• [HOW TO COMPLETE THIS TASK] Return nothing but the lines from the one containing "Quarto 1 de" through the end of the records below, exactly as they stand and without pictures.
::: EXCERPTED RECORDS
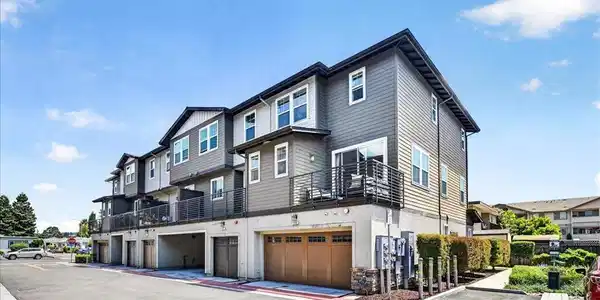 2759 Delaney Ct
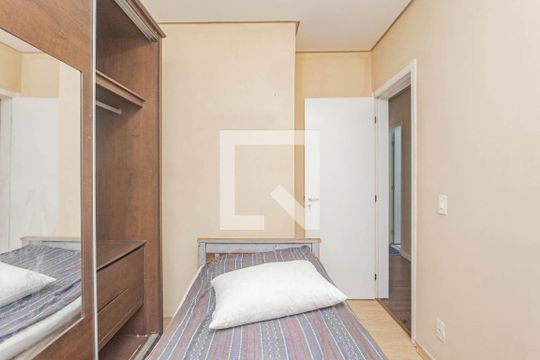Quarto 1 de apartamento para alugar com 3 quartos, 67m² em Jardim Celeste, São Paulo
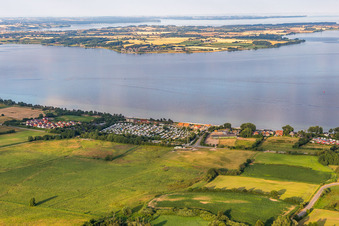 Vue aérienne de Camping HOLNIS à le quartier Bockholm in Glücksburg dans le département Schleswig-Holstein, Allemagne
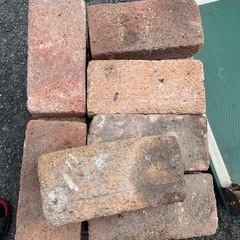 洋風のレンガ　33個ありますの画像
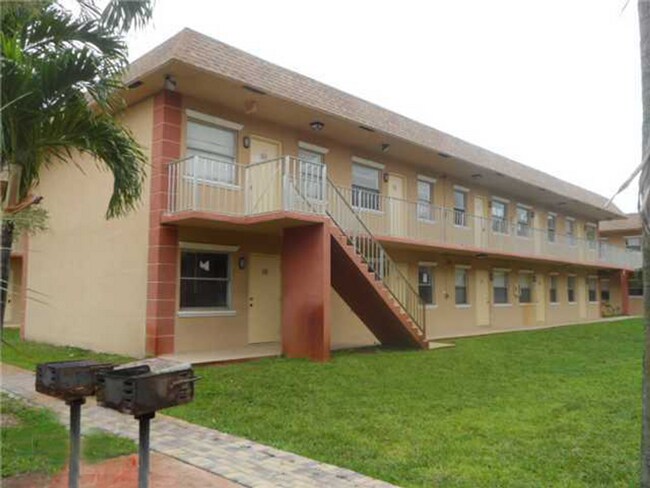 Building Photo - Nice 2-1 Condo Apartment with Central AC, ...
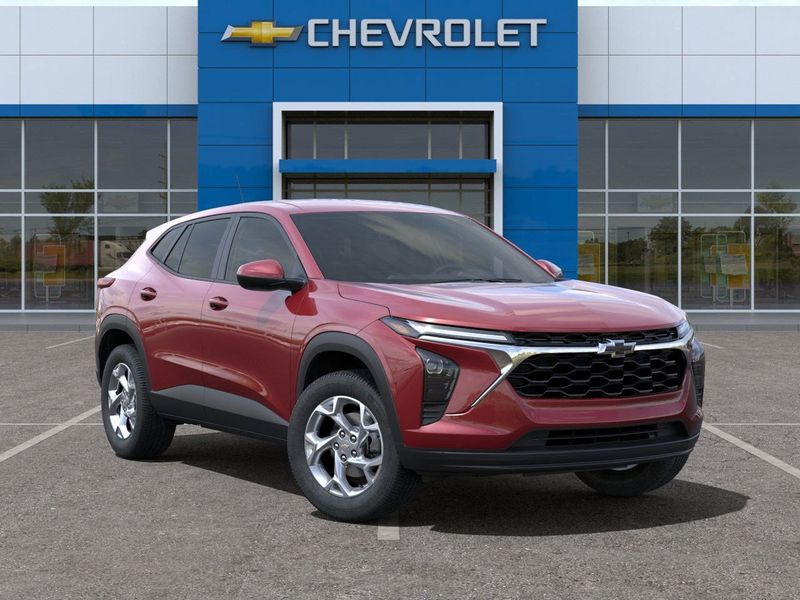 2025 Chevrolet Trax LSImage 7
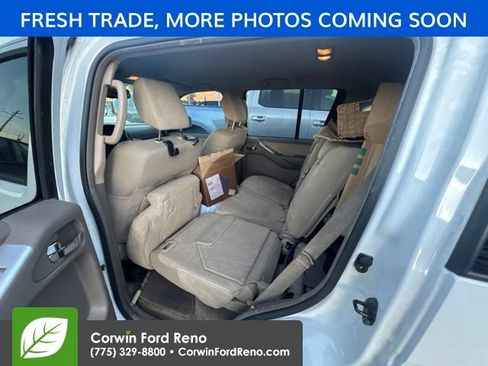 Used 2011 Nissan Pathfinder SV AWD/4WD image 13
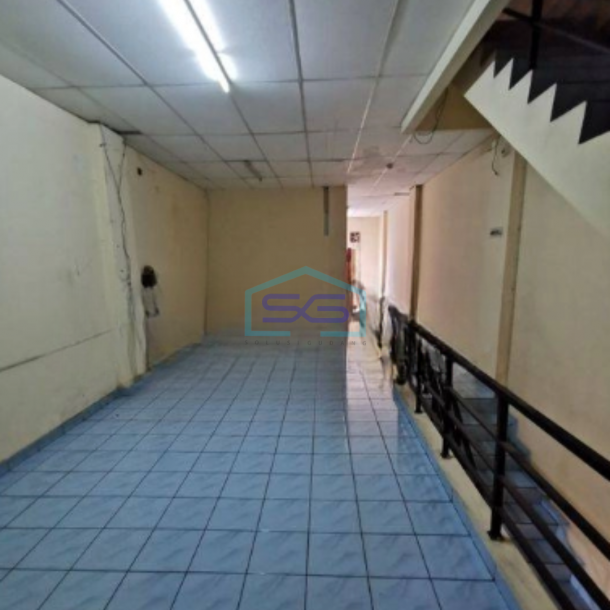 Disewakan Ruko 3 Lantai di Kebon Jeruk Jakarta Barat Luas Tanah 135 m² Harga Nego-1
::::::
• [SOLUTION TO THE PROBLEM]
Quarto 1 de apartamento para alugar com 3 quartos, 67m² em Jardim Celeste, São Paulo
 Vue aérienne de Camping HOLNIS à le quartier Bockholm in Glücksburg dans le département Schleswig-Holstein, Allemagne
 洋風のレンガ　33個ありますの画像
 Building Photo - Nice 2-1 Condo Apartment with Central AC, ...
 2025 Chevrolet Trax LSImage 7
 Used 2011 Nissan Pathfinder SV AWD/4WD image 13
 Disewakan Ruko 3 Lantai di Kebon Jeruk Jakarta Barat Luas Tanah 135 m² Harga Nego-1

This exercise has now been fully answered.